Milk bottle parts

Didn’t know where else to put this… @mcdanlj feel free to move it if there is a better place.

I have for some time been playing with and enamored by the notion of making plastic parts from milk jugs.

I think I finally have a process that works, mostly from trial and error and lots of YouTube watching.

In this case, I wanted to make an adapter part of my Automated Shade project. I need to adapt a 6mm motor shaft to drive the end of the shades cardboard tube.

My Current Process:

  1. Cut up the milk bottle in strips (this is tedious). 1" x 1" or 1" x (length of dish).
  2. Put in a blender on chop to create granular plastic … sort of. This is hard on a blender so don’t use your wives if you want to stay married. So I got one at a thrift store. Alternately cutting longer strips and laying them in the dish will work but you may have to add more on top of the molten plastic to get the thickness you want. I have also tried a paper shredder but lots of jams.
  3. Put strips/granular plastic in a pyrex dish with oven paper (keeps it from sticking). This stuff is really sticky when hot.
  4. Heat in a toaster oven @300-350 until the plastic gets translucent but not so hot it starts to turn brown on the surface. Toaster oven also from thrift store. I tried a bread-making machine but it heated slower. Perhaps a future control hack.
  5. Pull from oven periodically and tamp out air bubbles with a 2x4 or something that fits in the dish. Air bubbles are hard to get out because the sticky plastic creates a seal around anything you stick into it, inhibiting the release of air. Mmm, brain fart … perhaps a metal straw?
  6. When the plastic is fully translucent (no white left) and the air bubbles are minimized then pull it from the oven and let cool. You can dip in the water if you want to speed up the cooling.

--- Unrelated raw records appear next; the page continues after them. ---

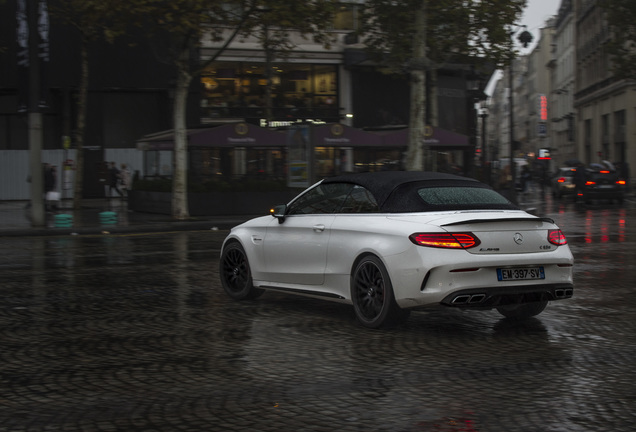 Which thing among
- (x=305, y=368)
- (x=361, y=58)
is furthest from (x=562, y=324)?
(x=361, y=58)

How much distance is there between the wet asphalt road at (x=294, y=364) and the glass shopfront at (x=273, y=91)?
32503 millimetres

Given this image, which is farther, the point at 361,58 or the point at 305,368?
the point at 361,58

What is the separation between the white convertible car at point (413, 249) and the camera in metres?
7.46

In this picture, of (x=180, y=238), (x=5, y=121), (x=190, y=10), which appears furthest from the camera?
(x=5, y=121)

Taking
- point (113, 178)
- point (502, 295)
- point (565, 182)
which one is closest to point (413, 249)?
point (502, 295)

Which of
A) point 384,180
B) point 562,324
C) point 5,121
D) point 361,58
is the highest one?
point 361,58

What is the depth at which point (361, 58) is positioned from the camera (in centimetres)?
4475

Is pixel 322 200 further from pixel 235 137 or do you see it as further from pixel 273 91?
pixel 273 91

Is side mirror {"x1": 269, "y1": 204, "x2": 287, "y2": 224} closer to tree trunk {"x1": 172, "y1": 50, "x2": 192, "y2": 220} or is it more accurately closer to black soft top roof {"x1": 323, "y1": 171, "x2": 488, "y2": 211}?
black soft top roof {"x1": 323, "y1": 171, "x2": 488, "y2": 211}

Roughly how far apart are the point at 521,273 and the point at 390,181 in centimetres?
154

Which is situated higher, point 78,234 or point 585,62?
point 585,62

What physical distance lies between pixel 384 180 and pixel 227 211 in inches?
861

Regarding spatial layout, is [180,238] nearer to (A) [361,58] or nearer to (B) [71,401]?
(B) [71,401]

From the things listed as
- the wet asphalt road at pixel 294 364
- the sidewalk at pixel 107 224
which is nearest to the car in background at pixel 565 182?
the sidewalk at pixel 107 224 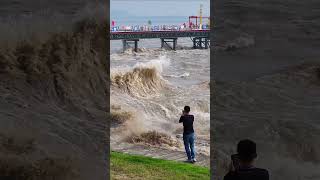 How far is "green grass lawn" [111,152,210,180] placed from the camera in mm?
8266

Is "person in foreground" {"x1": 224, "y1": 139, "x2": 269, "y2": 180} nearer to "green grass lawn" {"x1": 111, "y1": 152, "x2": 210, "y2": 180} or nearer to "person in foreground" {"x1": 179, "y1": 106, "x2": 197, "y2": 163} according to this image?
"green grass lawn" {"x1": 111, "y1": 152, "x2": 210, "y2": 180}

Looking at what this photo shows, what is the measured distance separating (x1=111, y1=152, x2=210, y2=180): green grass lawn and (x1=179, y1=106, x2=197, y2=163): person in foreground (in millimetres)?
324

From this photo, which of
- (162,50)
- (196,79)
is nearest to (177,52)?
(162,50)

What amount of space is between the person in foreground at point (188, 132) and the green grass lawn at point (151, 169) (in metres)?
0.32

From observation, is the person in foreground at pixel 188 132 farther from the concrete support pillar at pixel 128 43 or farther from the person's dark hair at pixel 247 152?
the concrete support pillar at pixel 128 43

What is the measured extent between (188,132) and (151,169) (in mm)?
1261

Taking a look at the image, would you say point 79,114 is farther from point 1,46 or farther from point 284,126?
point 284,126

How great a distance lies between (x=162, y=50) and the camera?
5222cm

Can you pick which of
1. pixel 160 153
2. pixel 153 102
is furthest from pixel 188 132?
pixel 153 102

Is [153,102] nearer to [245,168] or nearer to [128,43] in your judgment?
[245,168]

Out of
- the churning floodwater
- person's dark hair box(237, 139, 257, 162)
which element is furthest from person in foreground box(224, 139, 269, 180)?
the churning floodwater

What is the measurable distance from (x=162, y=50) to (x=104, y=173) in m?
46.8

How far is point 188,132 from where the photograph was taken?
9664 millimetres

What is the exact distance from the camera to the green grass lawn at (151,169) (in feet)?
27.1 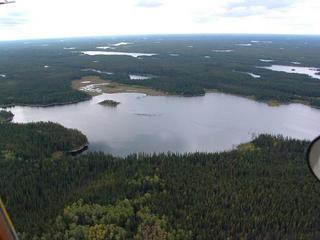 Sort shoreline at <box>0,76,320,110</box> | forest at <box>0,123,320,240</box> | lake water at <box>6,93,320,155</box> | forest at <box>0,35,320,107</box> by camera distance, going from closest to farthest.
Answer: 1. forest at <box>0,123,320,240</box>
2. lake water at <box>6,93,320,155</box>
3. shoreline at <box>0,76,320,110</box>
4. forest at <box>0,35,320,107</box>

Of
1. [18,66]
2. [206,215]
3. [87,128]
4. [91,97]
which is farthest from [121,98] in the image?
[18,66]

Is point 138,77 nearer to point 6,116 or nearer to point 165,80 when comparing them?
point 165,80

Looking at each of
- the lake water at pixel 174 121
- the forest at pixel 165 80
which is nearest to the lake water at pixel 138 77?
the forest at pixel 165 80

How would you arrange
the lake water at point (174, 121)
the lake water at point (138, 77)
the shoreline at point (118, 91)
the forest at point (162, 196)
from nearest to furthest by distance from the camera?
1. the forest at point (162, 196)
2. the lake water at point (174, 121)
3. the shoreline at point (118, 91)
4. the lake water at point (138, 77)

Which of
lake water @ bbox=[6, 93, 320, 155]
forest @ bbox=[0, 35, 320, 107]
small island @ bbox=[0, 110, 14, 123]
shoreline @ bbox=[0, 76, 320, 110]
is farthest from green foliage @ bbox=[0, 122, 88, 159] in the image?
forest @ bbox=[0, 35, 320, 107]

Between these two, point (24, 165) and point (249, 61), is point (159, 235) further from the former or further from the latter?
point (249, 61)

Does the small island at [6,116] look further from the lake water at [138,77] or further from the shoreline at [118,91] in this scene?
the lake water at [138,77]

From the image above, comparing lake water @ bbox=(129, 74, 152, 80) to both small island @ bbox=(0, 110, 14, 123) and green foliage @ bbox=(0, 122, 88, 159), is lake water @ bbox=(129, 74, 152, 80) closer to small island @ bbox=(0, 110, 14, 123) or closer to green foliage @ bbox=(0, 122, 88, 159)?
small island @ bbox=(0, 110, 14, 123) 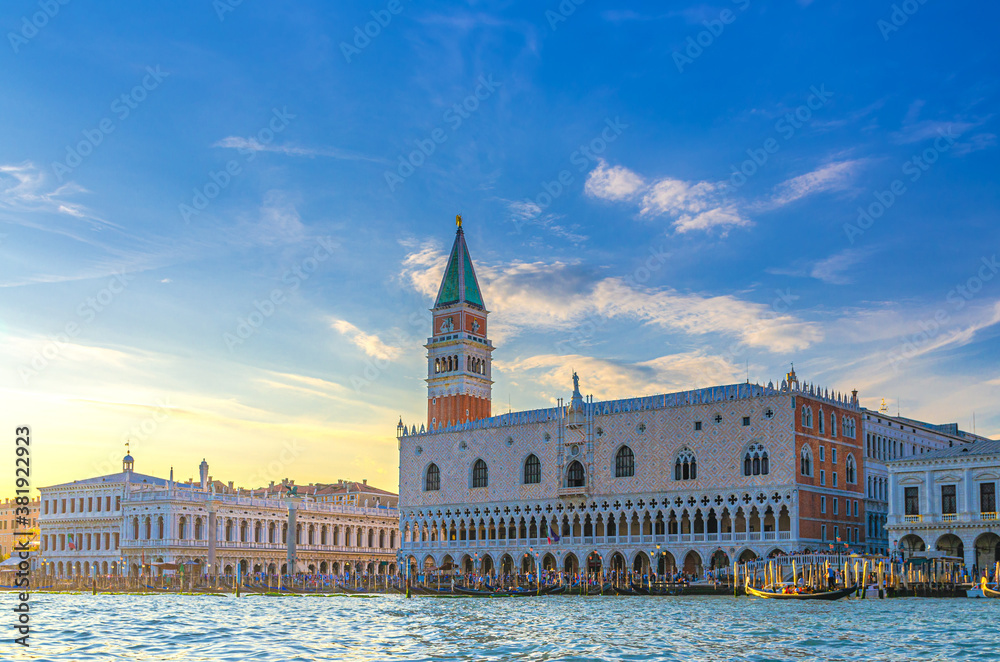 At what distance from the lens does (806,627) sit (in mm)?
34781

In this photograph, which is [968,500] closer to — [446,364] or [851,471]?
[851,471]

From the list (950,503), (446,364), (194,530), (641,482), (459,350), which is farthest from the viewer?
(446,364)

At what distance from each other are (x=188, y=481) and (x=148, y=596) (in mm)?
38880

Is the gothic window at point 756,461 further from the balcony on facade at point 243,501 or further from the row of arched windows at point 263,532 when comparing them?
the row of arched windows at point 263,532

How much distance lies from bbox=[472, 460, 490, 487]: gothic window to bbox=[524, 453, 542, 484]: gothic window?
11.7 ft

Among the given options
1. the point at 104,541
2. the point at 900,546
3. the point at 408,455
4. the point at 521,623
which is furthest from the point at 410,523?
the point at 521,623

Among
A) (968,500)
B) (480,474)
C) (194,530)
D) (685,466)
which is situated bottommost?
(194,530)

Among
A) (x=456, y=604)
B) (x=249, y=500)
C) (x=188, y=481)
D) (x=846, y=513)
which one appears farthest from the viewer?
(x=188, y=481)

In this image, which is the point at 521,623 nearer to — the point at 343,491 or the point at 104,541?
the point at 104,541

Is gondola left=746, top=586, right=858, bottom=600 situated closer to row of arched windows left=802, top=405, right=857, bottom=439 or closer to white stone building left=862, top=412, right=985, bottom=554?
row of arched windows left=802, top=405, right=857, bottom=439

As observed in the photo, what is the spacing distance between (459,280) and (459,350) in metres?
6.12

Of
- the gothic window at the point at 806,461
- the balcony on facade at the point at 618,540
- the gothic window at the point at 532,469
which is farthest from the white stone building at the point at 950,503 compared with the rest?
the gothic window at the point at 532,469

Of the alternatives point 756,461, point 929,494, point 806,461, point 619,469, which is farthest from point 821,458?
point 619,469

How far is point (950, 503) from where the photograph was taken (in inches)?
2200
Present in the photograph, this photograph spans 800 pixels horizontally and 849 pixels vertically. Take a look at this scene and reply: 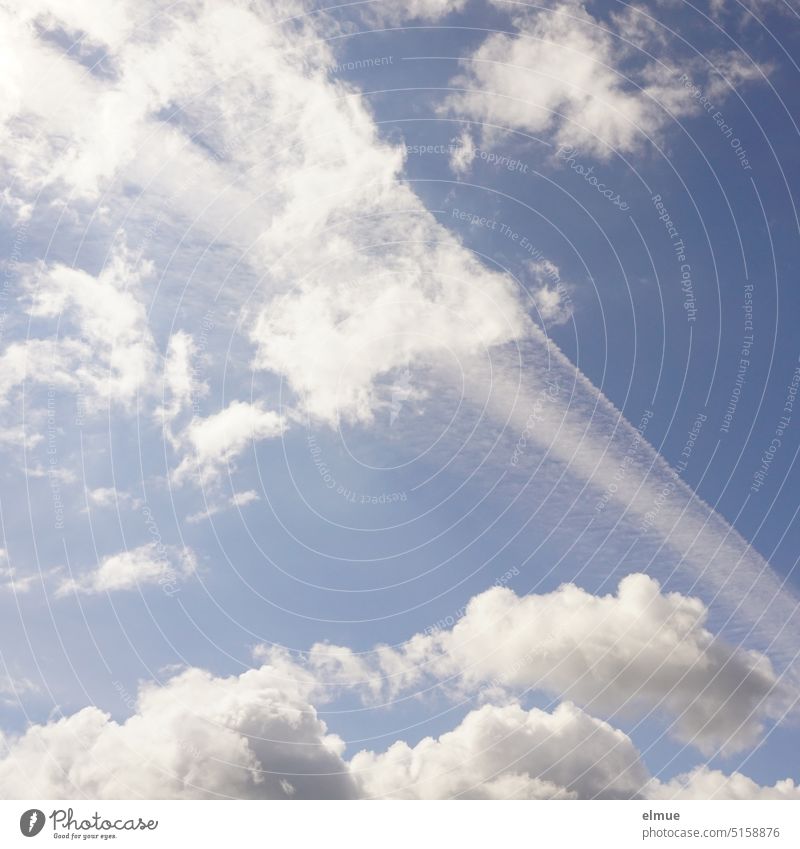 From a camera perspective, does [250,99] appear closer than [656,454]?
No

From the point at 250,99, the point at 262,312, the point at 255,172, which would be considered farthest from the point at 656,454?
the point at 250,99

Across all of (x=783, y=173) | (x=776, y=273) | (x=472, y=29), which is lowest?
(x=776, y=273)

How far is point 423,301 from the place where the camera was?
1352 inches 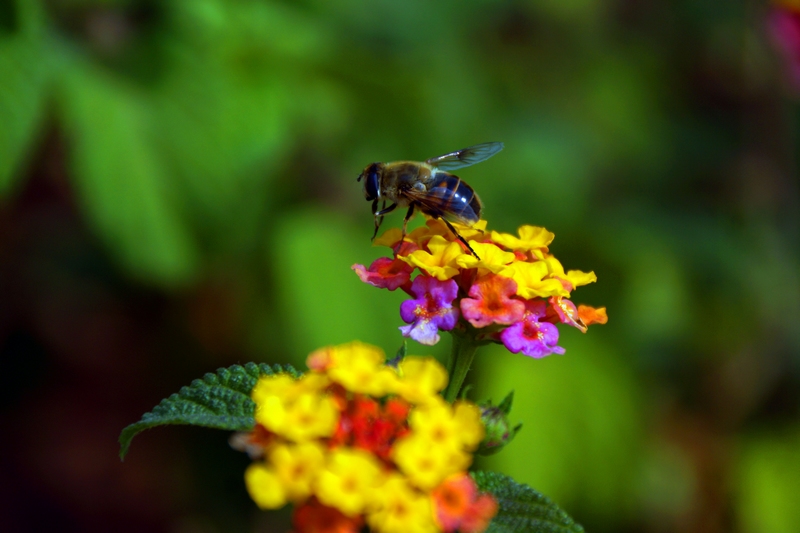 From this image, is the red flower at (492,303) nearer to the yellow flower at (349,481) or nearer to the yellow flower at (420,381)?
the yellow flower at (420,381)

  • To turn tubular shapes cut the material in strips that are as wide as the material is thick ie: square strips.
  • Turn on a lathe, work held with a chuck at one end. Turning between centers will probably not hold the material strongly enough.
  • The material is a dream to turn if insure good bevel contact when turning, turn at high speed. Does not require a finishing step.
  • The material is very smooth and slippery with a lubricated like feel on the surface. I doubt that there are many types of glue that would stick (@NedMan ?)
    *I have not yet tried pouring this into a mold, but plan to. I would expect it to be difficult to mold as the material does not flow very well and is incredibly sticky.
  • I would expect this material to cut easily on a cnc but it needs better thickness control. I am thinking of some kind of press while it is molten.

So why not just 3D print it.
GOOD POINT, does this method have an advantage?

*Stronger? I know its a strong dense material and threads and cuts great.
*Lubrication properties?


Might be a problem if you’re lactose intolerant!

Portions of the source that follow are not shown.